Bundeskanzlerin Angela Merkel hat in der laufenden Sommerloch-Debatte um die Beschneidung von Kindern aus religiösen Gründen am 17. Juli davor gewarnt, Deutschland drohe zur „Komiker-Nation“ zu werden. Heribert Prantl, der Chefkommentator der Süddeutschen Zeitung in Rechtsangelegenheiten, wundert sich am 16. Juli, „warum die Kritik einen so aggressiv-selbstgerechten Ton anschlägt“: „Bisweilen kann man den Eindruck haben, dass es nicht nur einen religiösen, sondern auch einen anti-religiösen Fundamentalismus gibt.“
Das sind bedenkenswerte Beobachtungen. Mich wundert allerdings, warum sie erst jetzt und nur auf diese Debatte bezogen werden. Seit Jahren schon neigen Diskurse in Deutschland zum Fundamentalismus und zur „Verächtlichmachung der Anderen“ (Prantl) — in der Fukushima-Debatte um die Kernenergie hat man dies 2011 gut beobachten können.
Statt, wie erhofft, der Aufklärung und der Versachlichung von Entscheidungsvorgängen zu dienen, tragen Online-Diskussionsforen und die mit ihnen gekoppelten journalistischen Systeme bis hin zu den teils unerträglichen Talkshows im Fernsehen nur dazu bei, Öl ins Feuer zu gießen, bis aus Sachfragen säkularisierte Glaubensfragen werden — und aus komplizierten ethischen Abwägungen solche, die ohne tiefere Kenntnis der Sache, aber gestützt auf Vorurteile und populistische Drei-Wort-Maximen (dem angeblich „gesunden Menschenverstand“ angemessen) getroffen werden.
Deutschland ist wohl nicht das einzige Land, in dem diese Niveauverflachung des öffentlichen Diskurses zu beobachten ist.
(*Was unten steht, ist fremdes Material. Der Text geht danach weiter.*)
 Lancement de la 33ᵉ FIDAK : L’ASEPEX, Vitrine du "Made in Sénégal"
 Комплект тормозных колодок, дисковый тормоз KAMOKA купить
Japan und Korea sind, zumindest partiell, genauso betroffen (wieweit die teilweise nicht weniger erschütternden Diskurse im chinesischen Internet auf freier Meinungsäußerung beruhen, entzieht sich meiner Beurteilungskraft und soll deshalb vorläufig unberücksichtigt bleiben). Der Unterschied ist nur: in Deutschland glaubt man so gern und so leicht, im Besitz der universellen Wahrheit zu sein. Man betrachte jüngste Meinungen wie diese zum Thema Beschneidungsverbot:

Ich bin mir sicher das Deutschland nur eine Vorreiterolle spielt und andere Staaten die sich für die Freiheit ihrer Bürger einsetzen, nachziehen werden. (12.7.2012)

Die Bundesrepublik Deutschland könnte eine Vorreiterrolle spielen in dieser Entwicklung – hin zu einer fortschrittlichen humanen Gesellschaft (18.7.2012)

Auch wenn wir in Deutschland nun Vorreiter rein sollten, dann sind wir es eben … (16.7.2012)

Nein, Bescheidenheit ist nicht die Sache der Deutschen. Wenn schon Lösungen, dann gleich für die ganze Welt. So ähnlich hat man ja 2011 nach dem deutschen Ausstieg aus der Kernenergie gleich das „Ende des Atomzeitalters“ beschworen.
Am 7.6.2011 hieß es übrigens in einem Artikel des „Telegraph„:

More than 30,000 people in 15 countries were asked to rank the nations with the worst sense of humour and Germany came out on top.

Wenn Frau Merkel recht hat, ändert sich dieses negative Image ja vielleicht demnächst.